Et en attendant d'obtenir plus, les industriels mexicains vont surtout faire en sorte de ne rien perdre, souligne-t-elle: "Nous faisons attention à ce que les choses ne changent pas, car telles qu'elles sont, elles nous favorisent".

Même posture confiante chez le président du Conseil coordinateur des entreprises (CCE), Juan Pablo Castañon, qui depuis la victoire de Donald Trump met au point un registre des entreprises exportant et important entre le Mexique et les Etats-Unis.

"Le traité doit nous permettre d'approfondir pour créer des synergies et des politiques afin d'être plus compétitifs", estime ce représentant du patronat.

Le gouvernement mexicain affiche le même objectif: augmenter la relation commerciale avec l'Amérique du Nord, avec plus de compétitivité.

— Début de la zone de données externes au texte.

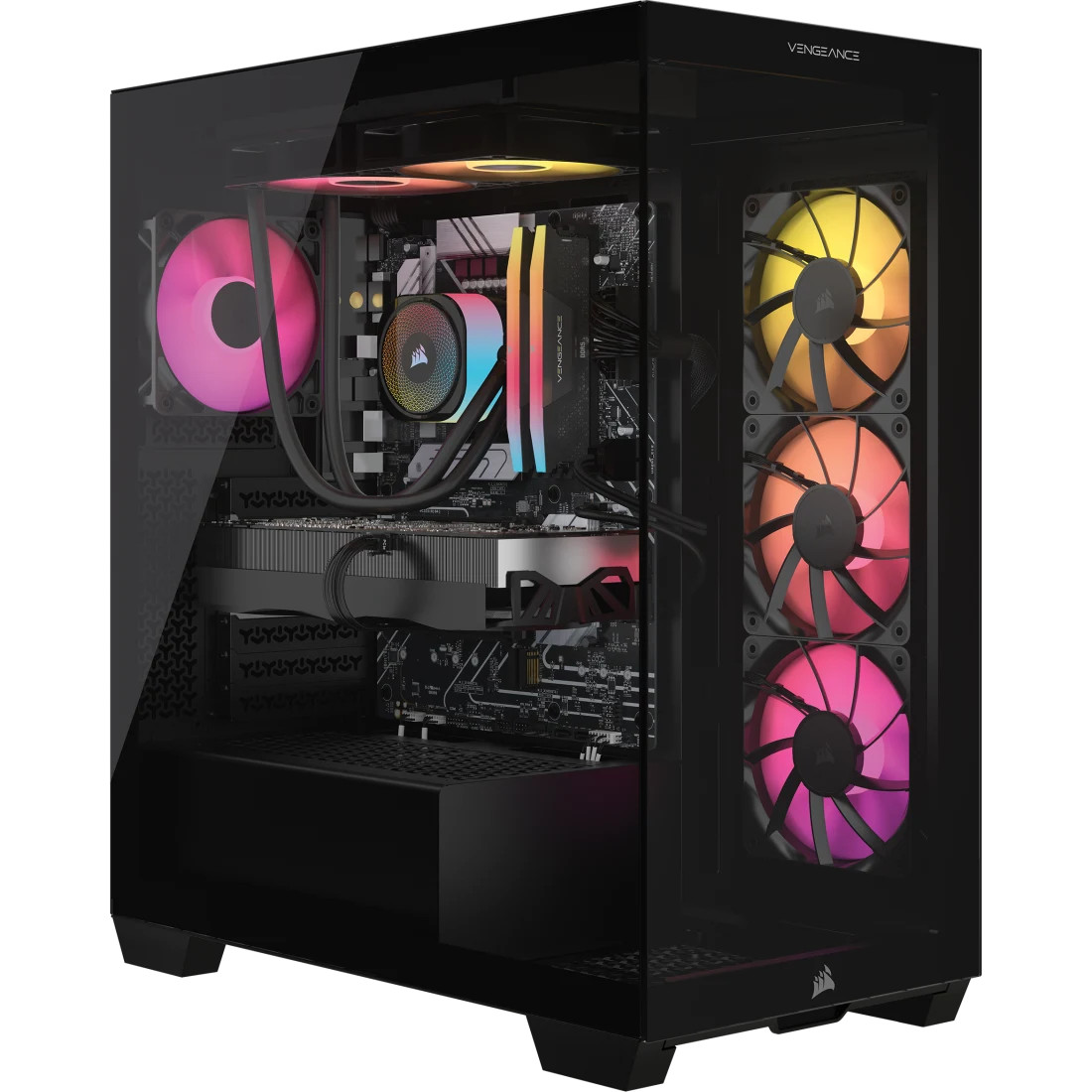 Corsair Vengeance i7600 Gaming Proactive Care - Intel Core Ultra 9 285K, GeForce RTX 4080 Super, 32GB DDR5, 2TB M.2 SSD, Win11 Home - CS-9050113-NA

Les négociations pour réviser l'Aléna démarrent mercredi à Washington, à la demande des Etats-Unis dont le président n'a cessé de dénoncer le caractère "désastreux" du traité pour l'emploi et les investissements américains.

Le Mexique, dont 80% des exportations vont aux Etats-Unis, s'était alarmé des propos de M. Trump, qui a même fait planer un temps la menace de se retirer purement et simplement de l'Aléna.

L'ambiance est aujourd'hui apaisée, Washington semblant afficher une attitude moins offensive dans ces négociations.

"Je me suis sentie soulagée", raconte à l'AFP Carla Hills, représentante commerciale des Etats-Unis sous l'administration de George Bush.

"Je crois que les trois gouvernements vont être d'accord sur des choses comme les règles sur les questions numériques, les communications, les services, donc j'espère qu'il y aura des avancées", dit l'ex-fonctionnaire.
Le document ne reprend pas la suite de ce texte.